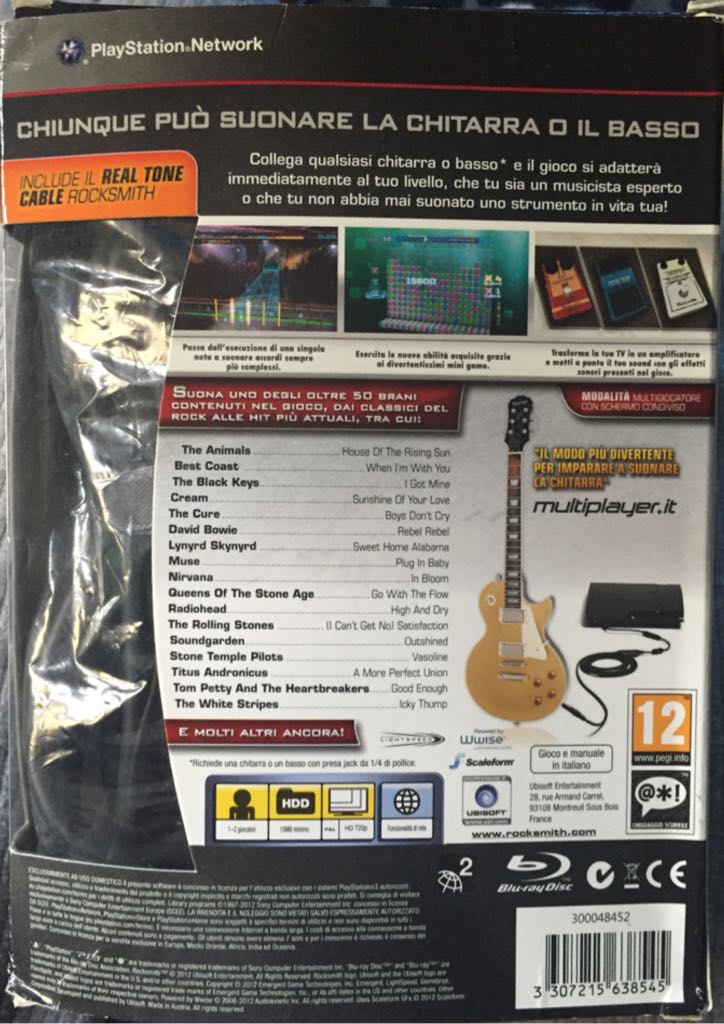 PS3 / Rocksmith - Sony PlayStation 3 (PS3) (Ubi Soft - 1-2) video game collectible [Barcode 3307215638545] - Main Image 2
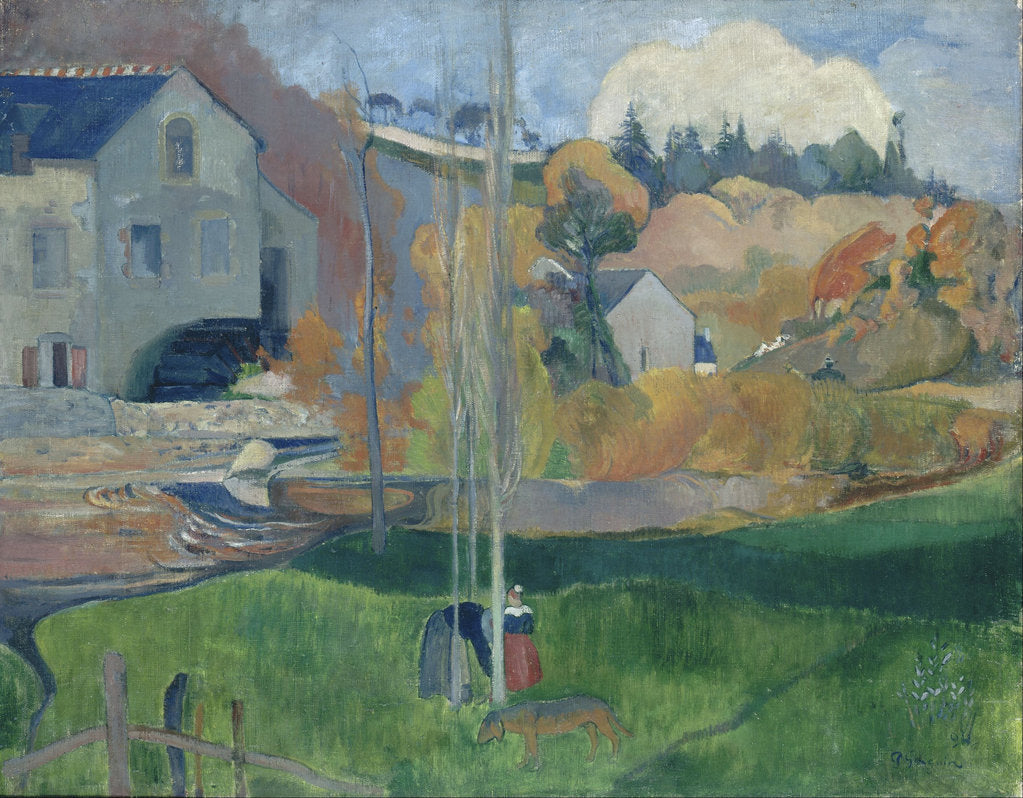 Detail of Landscape in Brittany. The David Mill, 1894 by Paul Eugéne Henri Gauguin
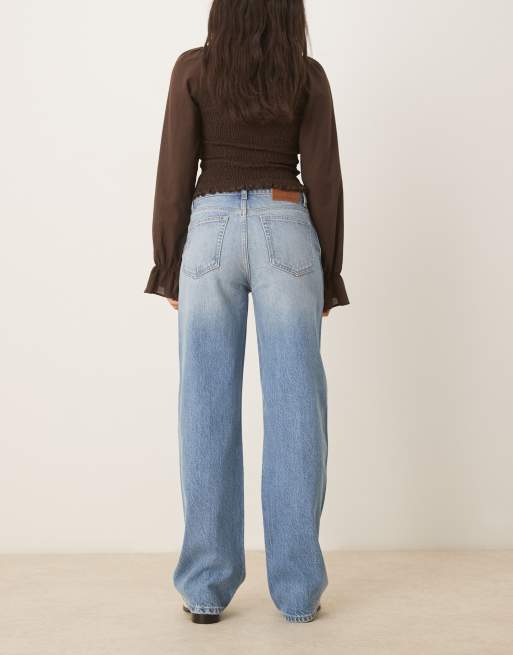 Mango – Cecilia – Straight Jeans in Hellblau mit mittelhohem Bund, 3 von 5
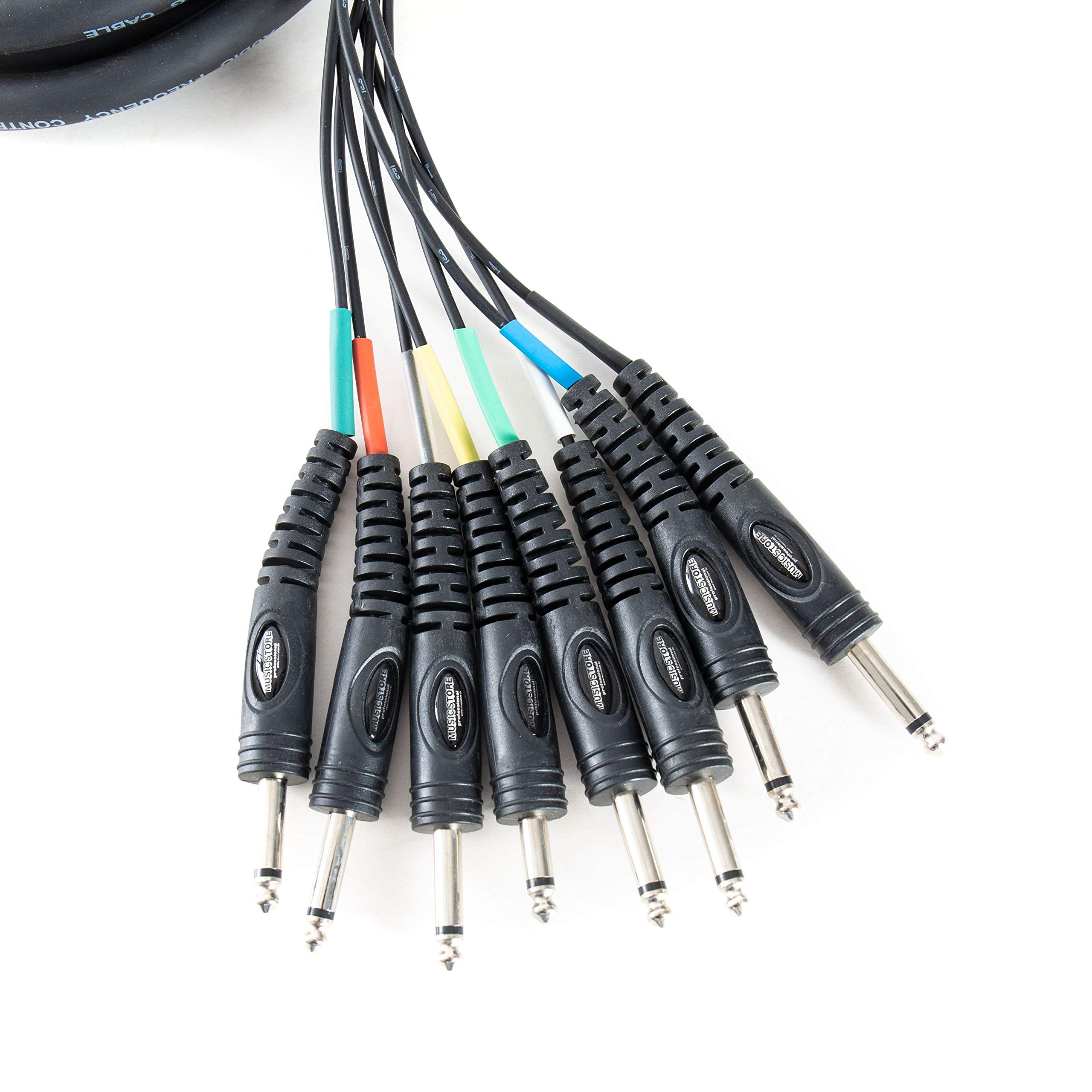 MUSIC STORE MC-08 8 voies Multipaire 3 m Jack/Cinch - Câble multiconducteur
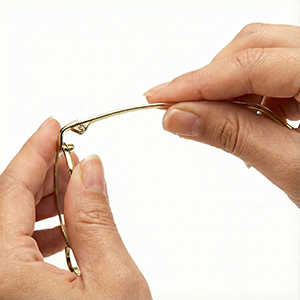 marcos de anteojos de metal personalizados con bisagras duraderas y estructura reforzada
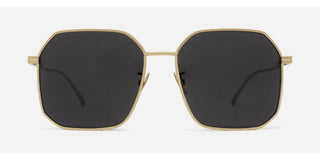 Bottega Veneta BV1108SA women Gold Geometric Sunglasses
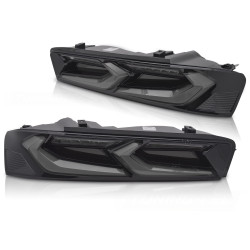 LED ZADNÍ SVĚTLA kouřové BLACK pro CHEVROLET CAMARO 16-18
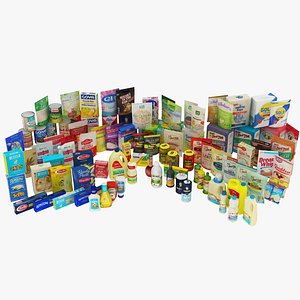Pantry Staples 96 in 1 3D model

## PROBLEM TO SOLVE
Please output the lines from the line that contains "Bottega Veneta BV1108SA" through the end of the records, both ends included, exactly and with no pictures.

## EXPECTED OUTPUT
 Bottega Veneta BV1108SA women Gold Geometric Sunglasses
 LED ZADNÍ SVĚTLA kouřové BLACK pro CHEVROLET CAMARO 16-18
Pantry Staples 96 in 1 3D model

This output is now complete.